Selepas itu, seluruh bidang kehidupan dikuasai monyet. Kemudian, keturunan kita ada yang sadar, tetapi sadarnya mirip orang yang baru bangun dari mimpi. Hal-hal yang sejak dulu hilang tenggelam dalam sejarah, banyak yang menemukannya. Akan tetapi, banyak yang tertukar sejarahnya. Ada penemuan yang digunakan, tetapi sebetulnya tidak perlu digunakan. Bahkan, ada yang dicuri dan dijual! Keturunan kita banyak yang tidak paham dan tidak peduli bahwa zaman sudah berganti kisah! Kemudian, geger senegara. Pintu yang tertutup didobrak oleh para pembuka jalan, tetapi jalan yang kurang tepat.

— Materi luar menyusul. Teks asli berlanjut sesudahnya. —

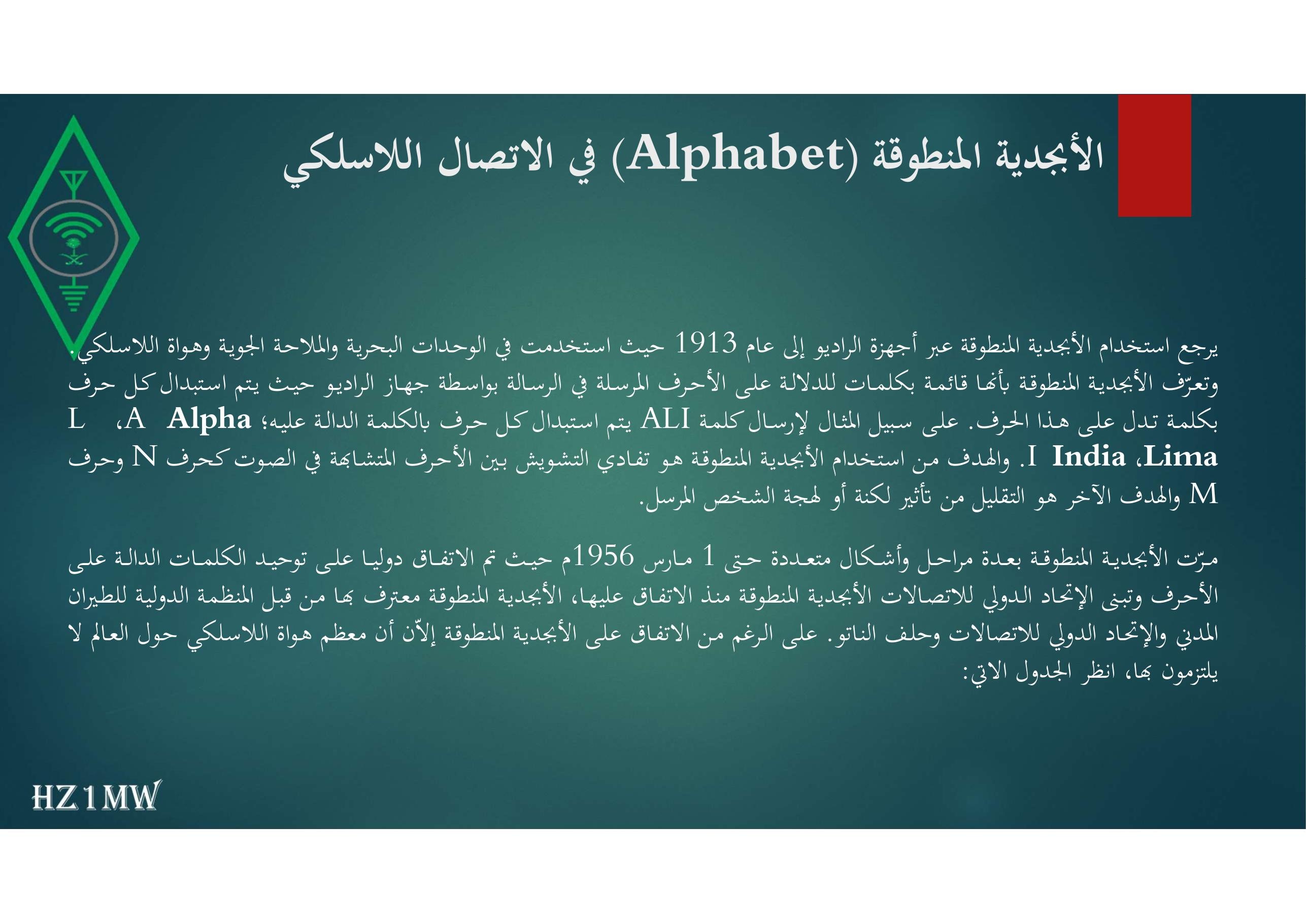 الشريحة 53: الأبجدية المنطوقة (Alphabet) في الاتصال اللاسلكي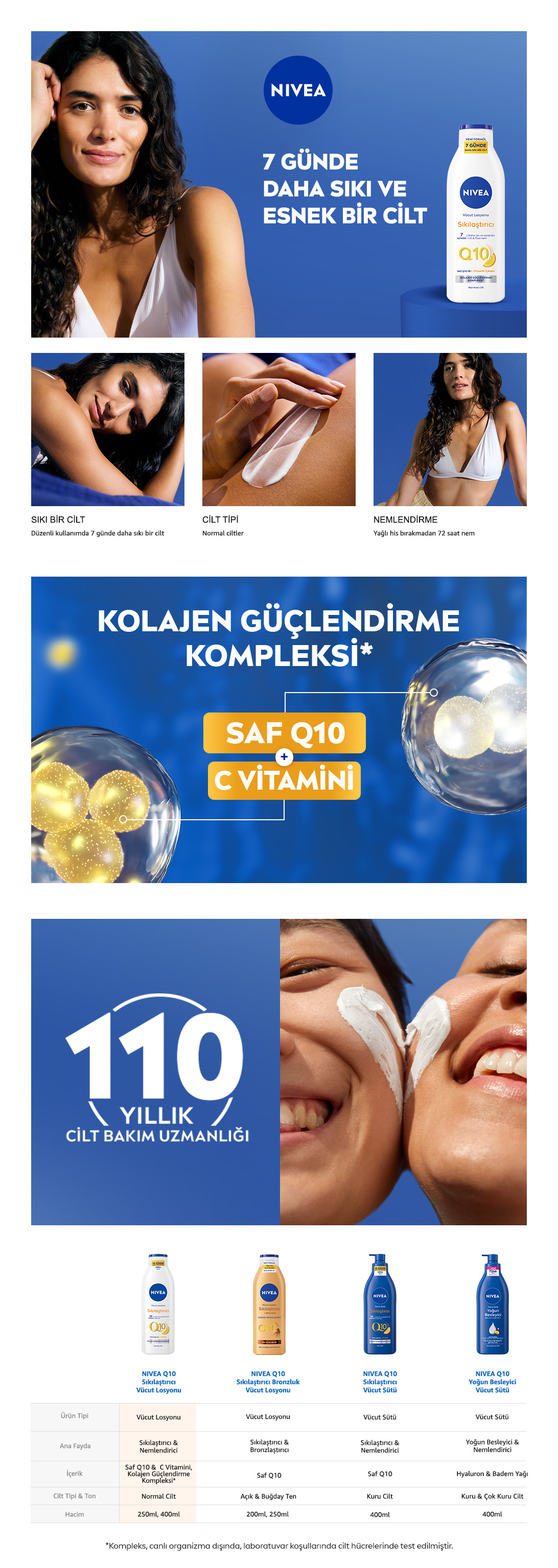 Ürün Detayı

Yang memerintah bersembunyi jauh sekali, alun-alun jadi kosong, kerbau bule pada kabur. Lalu, negara yang terpecah-pecah itu dikuasai dan dirusakkan monyet! Keturunan kita enak-enak tertawa, tetapi tertawa yang tertahan, tidak tuntas, karena ternyata warung habis dirusak monyet, sawah habis dikuasai monyet, lumbung padi habis dimakan monyet, kebun dilalap monyet, perempuan-perempuan hamil oleh monyet. Segala-gala dikuasai monyet. Keturunan kita takut oleh mereka yang bergaya seperti monyet. Undang-undang dan hukum dipegang monyet sambil mengendalikan para pemuda. Keturunan kita tetap menjadi orang-orang suruhan dan kuli. Banyak yang mati kelaparan. Mulai saat itu keturunan kita mengharapkan panen jagung sambil mencoba-coba bertani tanpa ilmu pengetahuan dalam mengolah lahan. Tidak paham dan tidak peduli bahwa zaman sudah berganti lagi kisah.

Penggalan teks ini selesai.